Why Cross-Entropy Loss Works?
Let’s first recall how multi-class classification works. Assume we have 4 classes: $[c_1, c_2, c_3, c_4]$. The output probabilities are represented as $y = [y_1, y_2, y_3, y_4]$. If the sample belongs to class $c_1$, we want $y_1$ to be as large as possible while minimizing $y_2, y_3, y_4$.
In contrastive learning, consider 1 positive sample $(x'_1)$ and 3 negative samples $(y_2, y_3, y_4)$. By computing the similarity scores between $x$ and these samples, we get $[\text{sim}(x, x'_1), \text{sim}(x, y_2), \text{sim}(x, y_3), \text{sim}(x, y_4)]$. The goal is similar: maximize $\text{sim}(x, x'_1)$ while minimizing the other similarity scores.
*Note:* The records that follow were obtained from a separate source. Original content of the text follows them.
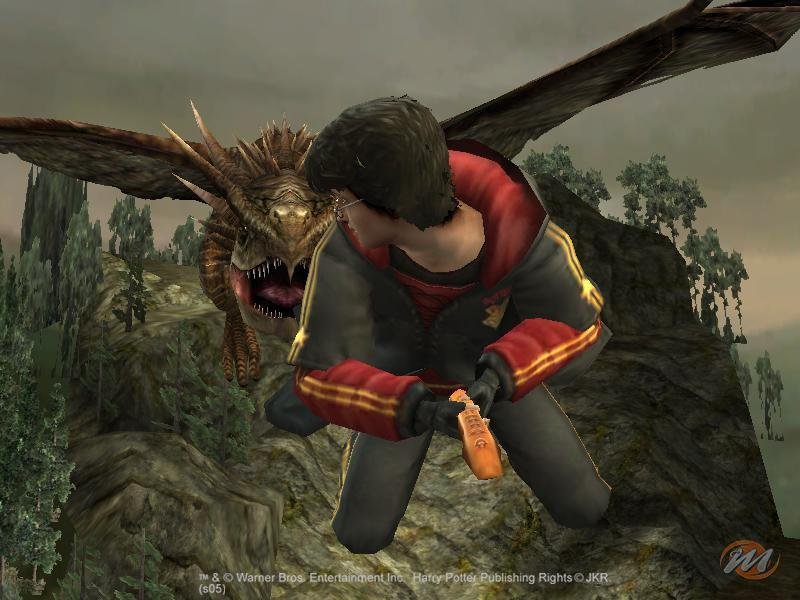 Harry Potter e il Calice di Fuoco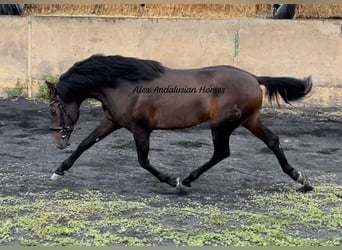 PRE Mestizo, Semental, 2 años, 157 cm, Castaño oscuro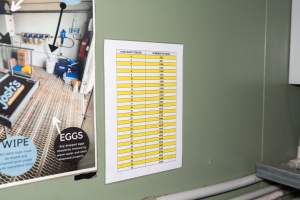 Captured at Josh's Rainbow Eggs, Monegeetta VIC Australia.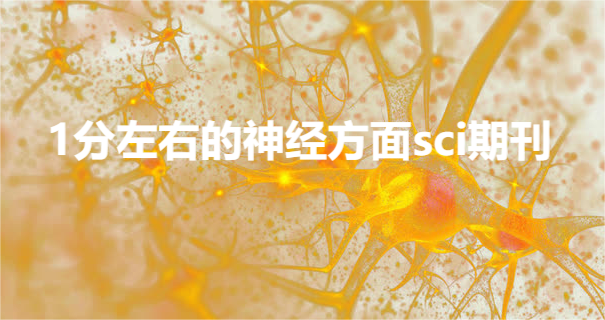 1分左右的神經(jīng)方面sci期刊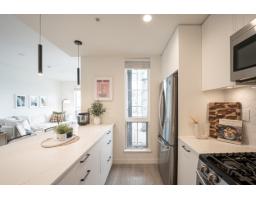 A507 20018 83a Avenue, Langley, BC V2Y3P3 Photo 18
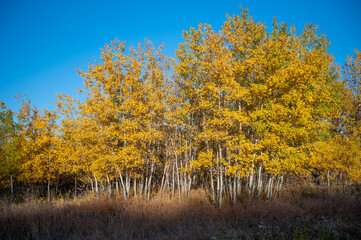 Fototapeta premium Grove of yellow aspen trees, Fish Creek Provincial Park, Calgary, Alberta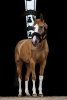 Kantar Teddy - EQUITHEME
Thus, Cross-Entropy Loss is a natural fit for contrastive learning. The loss function is typically expressed as:
$$ \begin{aligned} L_c = - \log \frac{\exp \left(\operatorname{sim}\left(x, x'_i\right) / \tau\right)}{\sum_{j=1}^n \exp \left(\operatorname{sim}\left(x, y_j\right) / \tau\right)} \end{aligned} $$
Here, $\tau$ is a temperature scaling factor that adjusts the sharpness of the distribution.
Note: While the exact formula may vary slightly across papers, the core idea remains consistent.
2. Intuitively Understanding Contrastive Learning
To better understand the impact of contrastive learning, let’s walk through an example using the following code.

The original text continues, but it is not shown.